À nouveau seule, la jeune femme s’assit devant son bureau avec son téléphone et composa le numéro de la directrice de l’asile, la docteure Pawinski. Celle-ci décrocha très vite, et lorsqu’elle entendit la réponse positive de la jeune femme, elle la remercia vivement pour sa collaboration. Elles convinrent d’un jour et d’une heure pour la séance de rencontre avec le Joker. Julia la prévint qu’elle serait accompagnée, et demanda à ce que cette visite se fasse dans les meilleures conditions, à savoir sous haute sécurité. La directrice le lui promit, elle ne plaisantait jamais avec ce genre de patient. Le rendez-vous fut pris pour la fin de la semaine, le vendredi matin. Suite à cet appel, Julia envoya un message à Bruce pour l’en informer. Il accusa réception de son message : c’était planifié. Une boule d’angoisse commença alors à se former dans le ventre de la jeune femme ; savoir qu’elle allait se retrouver en face du Joker ne la réjouissait absolument pas. Elle s’accrochait à la pensée qu’elle pourrait enfin connaître ce qui était arrivé à sa sœur, même si l’idée de cette découverte l’angoissait tout autant. Un flot de pensées contradictoires et anxiogènes se mit à la submerger ; la jeune femme plongea son visage entre ses mains, ferma les yeux et prit une lente inspiration avant d’expirer tout aussi lentement. Si elle paniquait déjà maintenant, elle ne pourrait jamais se présenter face au Joker. Elle devait se maîtriser dès à présent. Elle reprit une longue inspiration et expulsa l’air de ses poumons avec lenteur tout en visualisant son corps dans son esprit. L’angoisse perdit en intensité, la boule au creux de son estomac se relâcha quelque peu.
Elle reprit son téléphone et sélectionna un nom dans ses contacts.
— Bonjour Alfred, seriez-vous disponible pour venir me chercher ? demanda-t-elle la voix éraillée comme si elle avait crié.
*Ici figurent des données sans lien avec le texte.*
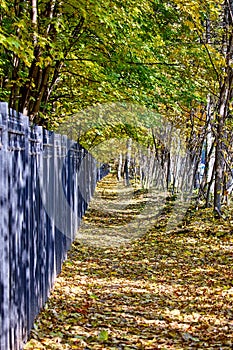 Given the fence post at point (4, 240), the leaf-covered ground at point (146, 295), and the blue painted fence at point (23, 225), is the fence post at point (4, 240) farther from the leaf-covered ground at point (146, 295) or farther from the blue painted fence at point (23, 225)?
the leaf-covered ground at point (146, 295)

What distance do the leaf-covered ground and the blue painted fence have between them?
0.41 m

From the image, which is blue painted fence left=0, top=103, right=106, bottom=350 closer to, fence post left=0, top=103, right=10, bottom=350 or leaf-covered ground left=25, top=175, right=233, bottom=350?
fence post left=0, top=103, right=10, bottom=350

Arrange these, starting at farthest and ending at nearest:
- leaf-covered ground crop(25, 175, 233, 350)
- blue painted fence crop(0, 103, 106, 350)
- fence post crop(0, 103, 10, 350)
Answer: leaf-covered ground crop(25, 175, 233, 350)
blue painted fence crop(0, 103, 106, 350)
fence post crop(0, 103, 10, 350)

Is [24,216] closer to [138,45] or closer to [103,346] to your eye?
[103,346]

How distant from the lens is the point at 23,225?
15.0ft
Le majordome acquiesça avec sa gentillesse habituelle et lui donna rendez-vous dans l’heure. Julia prépara son sac, récupéra ses effets personnels et prit son ordinateur portable qui lui suffirait pour ces prochains jours. Lorsque Bruce apprit qu’elle s’était rendue chez lui par l’intermédiaire d’Alfred, il ne put en être que soulagé.
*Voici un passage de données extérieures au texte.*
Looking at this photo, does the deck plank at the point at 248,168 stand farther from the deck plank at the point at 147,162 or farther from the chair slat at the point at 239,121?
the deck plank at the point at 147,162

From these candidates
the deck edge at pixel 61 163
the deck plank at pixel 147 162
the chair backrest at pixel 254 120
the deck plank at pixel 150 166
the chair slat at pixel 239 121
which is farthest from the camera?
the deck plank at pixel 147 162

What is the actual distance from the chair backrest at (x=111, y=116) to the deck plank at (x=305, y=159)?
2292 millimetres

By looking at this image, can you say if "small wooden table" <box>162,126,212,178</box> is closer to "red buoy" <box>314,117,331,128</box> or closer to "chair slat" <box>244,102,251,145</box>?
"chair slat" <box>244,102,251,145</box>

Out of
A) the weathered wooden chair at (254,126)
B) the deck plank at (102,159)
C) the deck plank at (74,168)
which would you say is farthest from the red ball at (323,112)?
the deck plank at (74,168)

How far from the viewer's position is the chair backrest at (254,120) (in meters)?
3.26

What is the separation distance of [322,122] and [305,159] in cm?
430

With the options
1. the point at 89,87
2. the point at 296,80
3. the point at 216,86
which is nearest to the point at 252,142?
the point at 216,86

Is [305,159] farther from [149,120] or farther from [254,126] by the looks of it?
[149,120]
Le vendredi arriva bien plus vite que ce que la jeune femme aurait pu penser. Ils avaient passé la semaine à préparer ce rendez-vous, mais aussi à explorer les pistes pour découvrir la provenance de l’acte de vandalisme sur les portes de la tour Wayne. Depuis ce jour, il n’y avait pas eu d’autres actes de ce genre ni mise à exécution auprès d’aucune des Julia de l’entreprise. Julia Thorne avait même réintégré son poste dans la tour Wayne le jeudi, lui permettant de se changer plus facilement les idées au vu de ce qui l’attendait le lendemain.
Ils avaient rendez-vous à dix heures dans l’asile. Bruce les conduisit lui-même dans l’une de ses voitures de sport. Lorsque Julia sortit de la voiture sur le parking de l’hôpital psychiatrique, un frisson la parcourut ; le souvenir des événements qui s’y étaient déroulés il y avait un an de cela restait vif dans son esprit. Bruce lui donna son bras, qu’elle attrapa pour le serrer contre elle. Sa présence était rassurante. Ils furent accueillis par la directrice de l’asile, la docteur Sofia Pawinski. C’était une belle femme basanée, d’une quarantaine d’années, aux formes généreuses, mais avec un air impassible. Son regard paraissait sévère, mais dissimulait une certaine bienveillance. Elle retenait sa longue chevelure noire en un chignon strict.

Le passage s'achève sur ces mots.